The Log Analysis project is part of the Udacity Full Stack Nanodegree program. The goal of this project is to answer the following questions using queries to a PostgreSQL database. The questions being answered in this project are:
- What are the most popular three articles of all time?
- Who are the most popular article authors of all time?
- On which days did more than 1% of requests lead to errors?
Throughout the course of this Nanodegree program, a vagrant virtual machine configuration is required on the host system. This virtual machine is a Linux based VM that provides a PostgreSQL database and support software needed to complete this project. The VM can be downloaded and installed from the Virtual Box website. Udacity provided us with a Vagrantfile for configuration of the virtual machine. That Vagrantfile is inclueded in this repository.
Once the vagrant VM is installed, the user will need to navigate to the directory containing the Vagrantfile and use the command vagrant up
to cause Vagrant to download and install the Linux virtual machine.
Then the user can log into the VM using the vagrant ssh
command.
Udacity provided the file newsdata.sql
in a zipped format at the start of the project. The file newsdata.zip
can be found here.
This file will be copied to the vagrant
directory. Files that are in the directory /vagrant
on the virtual machine are shared with the vagrant
folder on the host computer.
We need to change to the vagrant
directory and run the command psql -d news -f newsdata.sql
to load the data.
The source code for this project can be found on my github page.
This project encouraged us to use our new knowledge of SQL and possibly create a view to assist with the queries.
The view popular
was created and used in the loganalysis.py
file to help answer the first two questions, as they contained related information.
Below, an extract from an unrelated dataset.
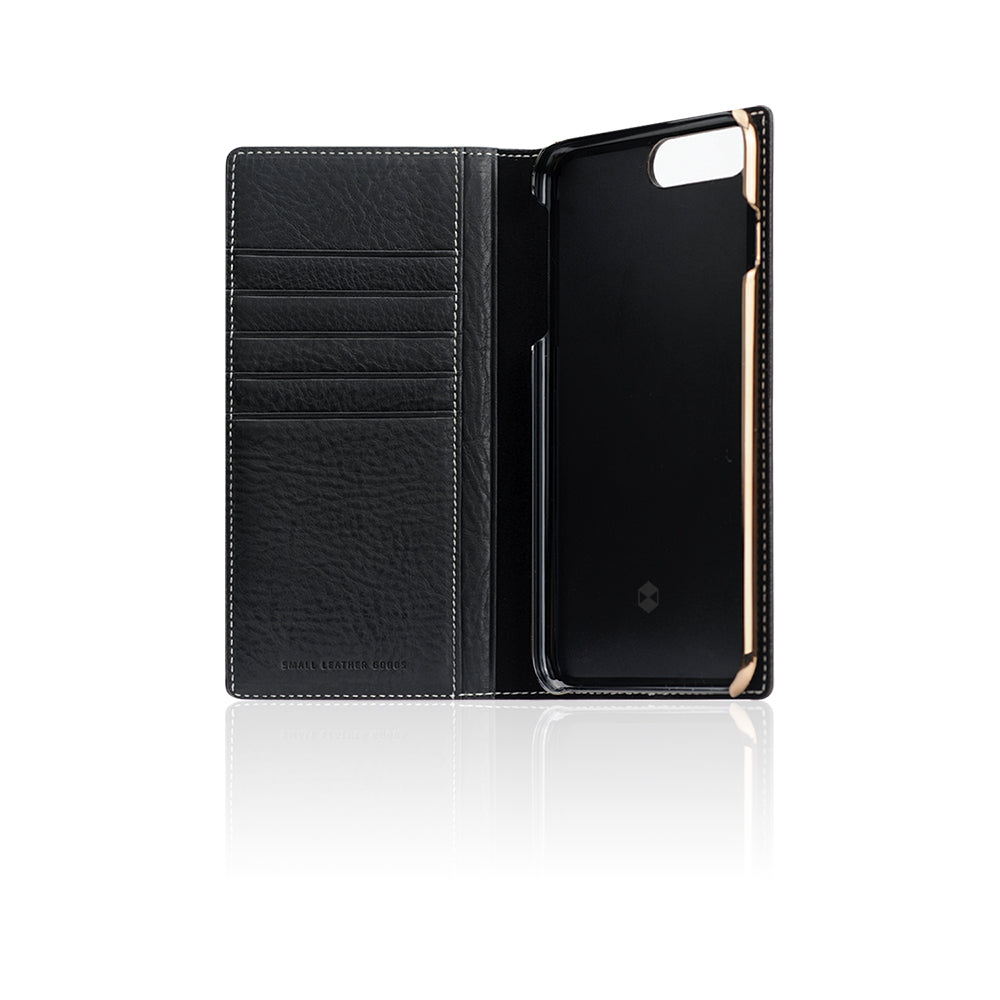D6 Italian Minerva Box Leather Diary Case for iPhone 8 Plus / 7 Plus (Black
Once the user has connected to the VM and loaded the newsdata
into a SQL database, she/he will need to connect to the database using the command psql -d news
and run the following command:
create view popular as
select articles.title, articles.author, authors.name, count(log.path) as num
from articles left join log on log.path
like concat('%',articles.slug)
join authors on articles.author = authors.id
group by articles.title, articles.author, authors.name
order by num desc;
The user will need to download and install Python, if it is not already installed.
This project was implemented usign Python 3 and I recommend using Python 3 for all future projects.
Executing the code is as simple as typing the command
python3 loganalysis.py
into the terminal.
The output of this file can also be seen in the text file log_results.txt
.
The following links were helpful in creating the SQL queries and properly outputting the information using Python.
- SQL Multiple Joins question on Stack Overflow.
- Using
LIKE
in a join question on Stack Overflow. - The PostgreSQL date function.
- Formatting for the datetime object in Python.
- Properly displaying the % symbol in a Python string, from Stack Overflow.
- Limiting the number of digits after the decimal point in a Python float, from Stack Overflow.
The source code was run through the command-line tool pep8
to check that the code conforms to the PEP8 standards. The pep8
tool recommened to install and use pycodestyle
tool due to GitHub Issue #466. The source code was also checked using this tool, which did not report any errors.
This tool is run on the command line of the terminal as follows:
pycodestyle loganalysis.py
The contents of this repository are covered under the MIT License.